Segment Start: Provided data
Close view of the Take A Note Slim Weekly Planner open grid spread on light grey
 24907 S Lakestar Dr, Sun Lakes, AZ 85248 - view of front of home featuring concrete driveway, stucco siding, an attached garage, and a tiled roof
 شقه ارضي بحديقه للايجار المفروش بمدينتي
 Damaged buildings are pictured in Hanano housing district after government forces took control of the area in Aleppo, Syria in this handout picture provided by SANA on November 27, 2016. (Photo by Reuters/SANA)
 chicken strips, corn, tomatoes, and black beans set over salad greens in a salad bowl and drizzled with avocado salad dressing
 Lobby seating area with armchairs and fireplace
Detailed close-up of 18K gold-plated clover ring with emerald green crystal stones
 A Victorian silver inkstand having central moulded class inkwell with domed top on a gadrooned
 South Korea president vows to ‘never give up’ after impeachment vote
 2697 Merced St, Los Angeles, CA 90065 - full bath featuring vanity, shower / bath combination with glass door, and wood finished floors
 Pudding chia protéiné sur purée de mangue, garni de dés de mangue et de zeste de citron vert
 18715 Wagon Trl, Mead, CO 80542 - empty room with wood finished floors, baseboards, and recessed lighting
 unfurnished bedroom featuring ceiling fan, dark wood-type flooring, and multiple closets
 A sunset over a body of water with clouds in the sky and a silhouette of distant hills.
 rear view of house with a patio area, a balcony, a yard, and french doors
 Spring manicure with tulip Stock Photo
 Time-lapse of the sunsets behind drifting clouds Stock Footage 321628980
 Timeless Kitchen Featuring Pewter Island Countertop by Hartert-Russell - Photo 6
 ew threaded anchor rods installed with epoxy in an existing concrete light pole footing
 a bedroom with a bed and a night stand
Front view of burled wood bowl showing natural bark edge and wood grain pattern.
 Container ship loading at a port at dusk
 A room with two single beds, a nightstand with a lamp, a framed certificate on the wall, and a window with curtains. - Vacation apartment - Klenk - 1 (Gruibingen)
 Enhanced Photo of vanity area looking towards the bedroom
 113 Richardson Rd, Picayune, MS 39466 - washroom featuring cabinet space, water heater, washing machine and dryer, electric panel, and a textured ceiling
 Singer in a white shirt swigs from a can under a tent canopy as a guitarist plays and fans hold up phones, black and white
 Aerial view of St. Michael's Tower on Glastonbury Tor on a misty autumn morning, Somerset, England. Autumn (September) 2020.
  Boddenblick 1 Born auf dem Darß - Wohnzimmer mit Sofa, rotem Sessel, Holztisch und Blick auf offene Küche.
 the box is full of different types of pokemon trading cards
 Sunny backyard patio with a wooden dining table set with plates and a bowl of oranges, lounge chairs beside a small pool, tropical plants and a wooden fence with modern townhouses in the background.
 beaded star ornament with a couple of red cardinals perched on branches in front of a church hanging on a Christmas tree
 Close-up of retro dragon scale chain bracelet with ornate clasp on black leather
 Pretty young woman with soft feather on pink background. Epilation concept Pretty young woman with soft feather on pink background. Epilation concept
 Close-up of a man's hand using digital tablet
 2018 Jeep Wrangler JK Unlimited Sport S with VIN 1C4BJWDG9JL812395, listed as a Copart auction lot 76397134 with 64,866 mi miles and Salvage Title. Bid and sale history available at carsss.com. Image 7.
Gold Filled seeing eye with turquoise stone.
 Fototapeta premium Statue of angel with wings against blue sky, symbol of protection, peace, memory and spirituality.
Segment End: Provided data
→ What the exercise asks
Set down exactly the lines of the material above from the one with "Close-up of a" through the end. Include both ends and nothing else.

→ Written answer
 Close-up of a man's hand using digital tablet
 2018 Jeep Wrangler JK Unlimited Sport S with VIN 1C4BJWDG9JL812395, listed as a Copart auction lot 76397134 with 64,866 mi miles and Salvage Title. Bid and sale history available at carsss.com. Image 7.
Gold Filled seeing eye with turquoise stone.
 Fototapeta premium Statue of angel with wings against blue sky, symbol of protection, peace, memory and spirituality.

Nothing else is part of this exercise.